Risk governance and operating models are undergoing a significant evolution as insurers respond to rising regulatory fragmentation and an expanding range of nonfinancial risks. In 2025, CROs focused on strengthening core foundations — enhancing frameworks, controls and coordination across the three lines of defense — while increasing alignment with the business and internal audit to improve consistency and oversight.

By 2026, this effort has become more integrated and enterprise-wide, with organizations prioritizing a broad set of non-financial risk enhancements. Risk technology emerges as the leading focus (58%), followed by controls and control frameworks (53%), while governance, frameworks and policies, and talent development (each 47%) also rank among the top priorities. Operating model changes (42%) and improvements in risk identification and assessment (39%) are also widespread.

Regulatory fragmentation and increasing board engagement are driving a more integrated, enterprise-wide approach to governance — one that requires streamlined data, consistent definitions and end-to-end visibility, while emphasizing greater clarity, accountability and defensibility.

Jonathan Zhao adds:

“Operational resilience is no longer viewed as a compliance requirement — it has become a core enterprise capability and a priority for boards. As expectations increase, CROs are being asked to demonstrate not just preparedness, but the ability to respond and recover in a structured, repeatable way. At the same time, this is accelerating a broader shift in risk governance, with more integrated, enterprise-wide models that bring together data, controls and oversight.”

A turning point for risk leadership

The role of the CRO is reaching an inflection point, as risk leadership shifts from oversight to strategic enablement. In 2025, CROs were already expanding their influence, with 75% reporting increased involvement in major enterprise-wide change initiatives and growing engagement in business strategy, transformation and innovation.

In 2026, risk functions continue to play a central role in decision-making, with 76% of CROs reporting increased involvement in enterprise-wide change initiatives. As cyber threats intensify, AI adoption scales and regulatory expectations shift, the focus is no longer solely on control and compliance, but also on enabling resilience, supporting growth and transformation and guiding the organization through uncertainty.

-ENDS-

Notes to editors

About EY

EY is building a better working world by creating new value for clients, people, society and the planet while building trust in capital markets.

Enabled by data, AI and advanced technology, EY teams help clients shape the future with confidence and develop answers for the most pressing issues of today and tomorrow.

EY teams work across a full spectrum of services in assurance, consulting, tax, strategy and transactions.
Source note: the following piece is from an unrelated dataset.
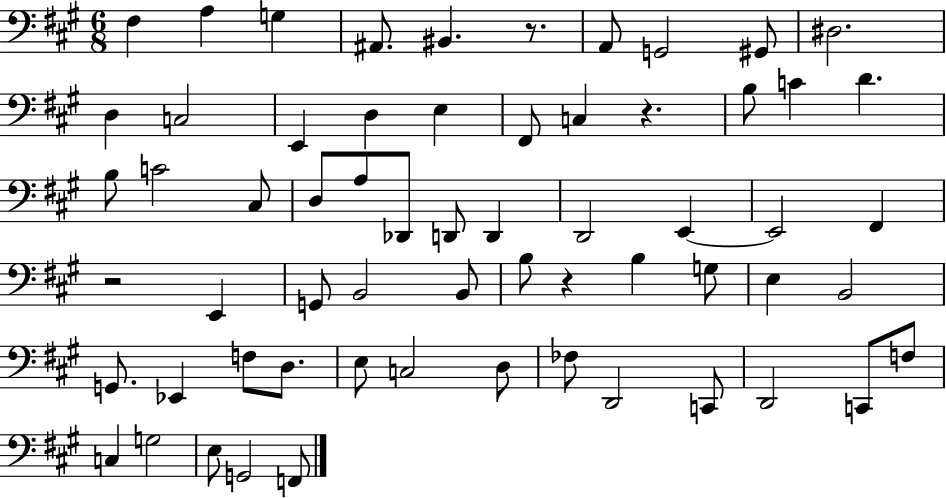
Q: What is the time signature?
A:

Fueled by sector insights, a globally connected, multi-disciplinary network and diverse ecosystem partners, EY teams can provide services in more than 150 countries and territories.

All in to shape the future with confidence.

EY refers to the global organization, and may refer to one or more, of the member firms of Ernst & Young Global Limited, each of which is a separate legal entity. Ernst & Young Global Limited, a UK company limited by guarantee, does not provide services to clients. Information about how EY collects and uses personal data and a description of the rights individuals have under data protection legislation are available ey.com/privacy. EY member firms do not practice law where prohibited by local laws. For more information about our organization, please visit ey.com.

This news release has been issued by EYGM Limited, a member of the global EY organization that also does not provide any services to clients.

Methodology

The global EY organization, in conjunction with the IIF, surveyed IIF member firms and other insurers in each region globally from November 2025 through January 2026.

Participating insurers’ CROs or other senior risk executives were interviewed, completed a survey, or both. In total, 106 organizations across EMEIA, the Americas, and Asia-Pacific participated.

Participating insurers were fairly diverse in terms of asset size, geographic reach, and line of business. Regionally, those firms were headquartered in Asia-Pacific (9%), EMEIA (42%), and the Americas (49%).